Don't do it! Right now you need your friends! If you aren't feeling it with him then don't go there and ruin your friendship just because you are feeling lonely and he seems interested. Give it time... when you have fully healed you might see things differently with him but if you do it now while you are still hurting then you more than likely will do exactly what you are afraid of... hurt him and ruin your friendship.

Posted

Do the decent thing and don't start something romantic with him. You admit that you are not ready, so spare him any disappointment.

Posted

You know, it seems like when you just break up with someone and need time to heal and process it is the very time guys come out of the woodwork. Sometimes I don't think you should trust their motives because it's a bit like a cheetah singling out the lame antelope. They know you're more vulnerable. Of course, it depends on their conduct. But it's not a good time to get into another relationship. After a big public nasty cheating with best friend breakup, I had four guys I already knew circling the wagons. I think in that case, it was mostly good and maybe kept me from spiraling down in the "I am worthless and unattractive" black hole, but it was disconcerting. And then one friend after those others stepped back pretty much insisted on us being together. It just isn't a good time. It ruined the friendship pretty much. I mean, the last thing you need on top of losing a love is to then line up your "friends," date them, and then have that fail and one by one lose them as well.

 

I say just go out with friends, meet new people, stay busy and just file him away for when you're back in the saddle.

Posted

I am a guy: I would sit him down and tell him exactly what you wrote here. Guys respond well to 'hard facts' and possibilities.

 

 

So long story short, a very close guy friend of mine is the sweetest guy ever and has been there for me through a lot. I just recently got out of a very long relationship and definitely am not over it. He was there for me through all that and so supportive and sweet. He always drops hints about how crazy he is about me but he's too shy to make a move.
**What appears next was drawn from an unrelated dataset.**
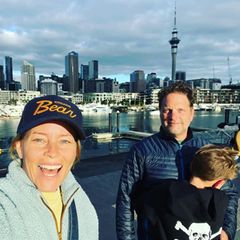 Urlaubsgrüße: Elizabeth Banks mit Max Handelman und Sohn in Auckland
I'm not sure how I feel about him, I definitely am attracted to him and he is so nice and sweet, but I'm afraid if I explore my romantic side with him and it doesn't work out he will be deco stated and the friendship ruined.
Posted

To add to that... I think it's good to be open and not hidden. Don't beat around the bush. If he's a "smart guy" he'll get it. And, no matter what happens, that kind of intimacy will only serve to make you both closer, whether friends or more than that.

 

I am a guy: I would sit him down and tell him exactly what you wrote here. Guys respond well to 'hard facts' and possibilities.